Eramet Group: The ERAMET group's 2013 results

Fri Feb 21, 2014 1:01am EST

* Reuters is not responsible for the content in this press release.

Paris, February 21st, 2014

PRESS RELEASE

 

The ERAMET group's 2013 results

In a difficult global economic context, in 2013 the ERAMET group showed its responsiveness and was supported by the sound performance of ERAMET Manganese.

  • ERAMET Nickel: results hit by very low nickel prices in 2013, cost reduction plans stepped up, Weda Bay project postponed
  • ERAMET Alloys: profitability improved
  • ERAMET Manganese: very sound 2013 results, production records for high grade manganese ore and for refined alloys

 

  • WCR reduced, lower capital expenditure marking the end of substantial expenditure for Moanda metallurgical complex and TIZIR
  • Debt still moderate, financial liquidity preserved

 

ERAMET's Board of Director, meeting on February 20th, 2014 under the chairmanship of Patrick Buffet, prepared the financial statements for 2013, which will be submitted to the General Shareholders' Meeting of May 14th, 2014.

 

(€ millions) 2013 2012
Turnover 3 162 3 447
EBITDA 231 407
Current operating income (45) 153
Net income,  Group share before impairments (74) 9
Impairments - Group share* (296) -
Net income, Group share after impairments (370) 9
(Debt)/Net cash (218) 448

*impairments pursuant to the IAS 36 standard, with no impact on the ERAMET group's cash

 

 

 

Patrick BUFFET, ERAMET group Chairman and CEO, stated:

 

"In a difficult economic environment, particularly in Europe, the ERAMET group proved its resilience in 2013 and showed responsiveness.

ERAMET Manganese's results remained firm with current operating income 218 M€ (i.e. current operating margin 14%), thanks in particular to a historical record for manganese ore and sinter production.

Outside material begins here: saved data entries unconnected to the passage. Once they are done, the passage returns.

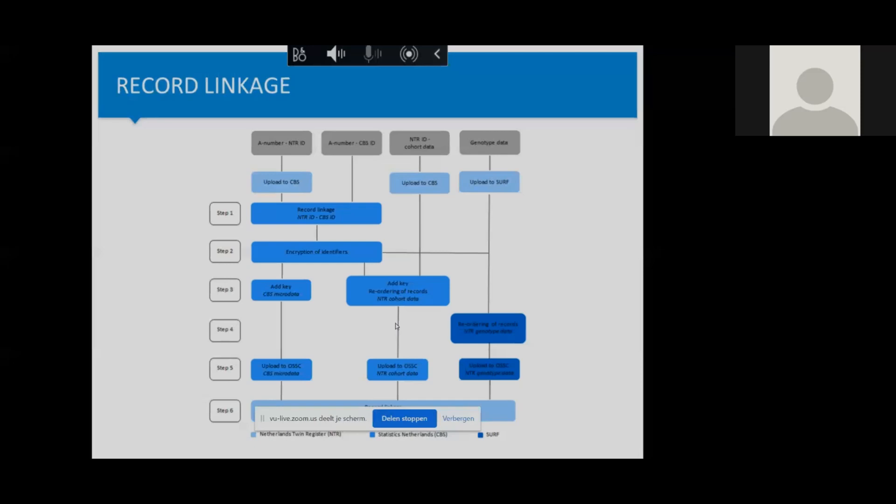If we would not have had this A-number, we could have used personal data like postal code, initials, date of birth, etc. But with twins, that's always quite tricky because a lot of those are similar in twins, especially if you talk about young twins. Some twins even have the same initials, so then all the matching variables are the same. But that step was actually not that difficult because we had this A-number. We were able to link all the participants to CBS data.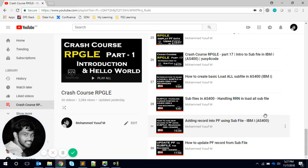Hello friends, this is Yusuf here, welcome to Part 18 of Crash Course RPGLE. We did Part 17 last time on the introduction to subfiles.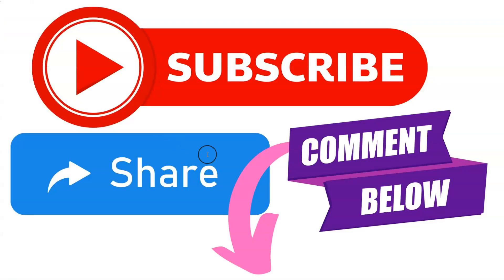Go ahead and comment below with any questions and be sure to subscribe to the Inside Real Estate YouTube channel for more tips and tricks like this one.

ERAMET Alloys' operating income became positive again.

Nevertheless, the Group's results in 2013 were essentially impacted by extremely low nickel prices (according to some analysts, at the end of 2013 almost 60% of the world's nickel production was made at a loss). ERAMET Nickel therefore posted a substantial decrease in current operating income, which totalled - 222 M€.

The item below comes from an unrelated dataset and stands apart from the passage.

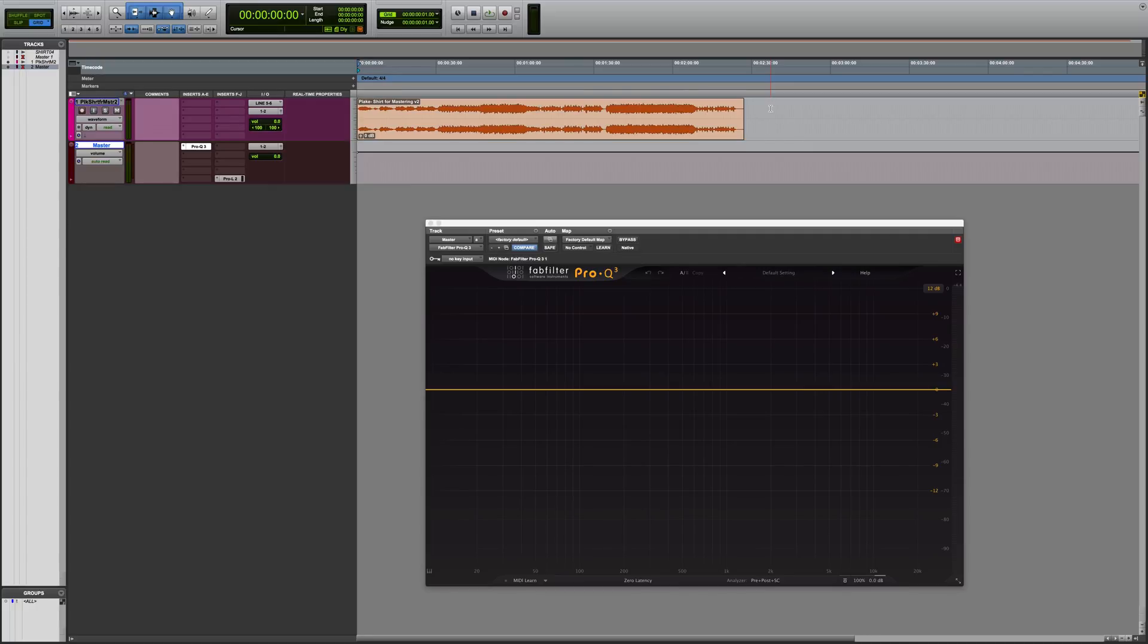Hey there, Ian Vargo here from the Pro Audio Files and MasteringInTheBox.com. FabFilter just released the Pro Q3, which is an update to their flagship equalizer plugin.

Given current nickel price conditions, the likely short-term outlook and the negotiations still needed with the Indonesian government in order to benefit from a suitable legal and tax framework, ERAMET and its partners judged that the conditions for considering a final investment decision on the Weda Bay project in 2014 were not met. This postponement of the project led the ERAMET group to record a 224 M€ write-down (ERAMET share) as of December 31st, 2013.

We remain confident in the nickel market's outlook. In that respect, the implementation in January 2014 of the ban on non-processed ore exports from Indonesia is a positive step towards restoring market balance.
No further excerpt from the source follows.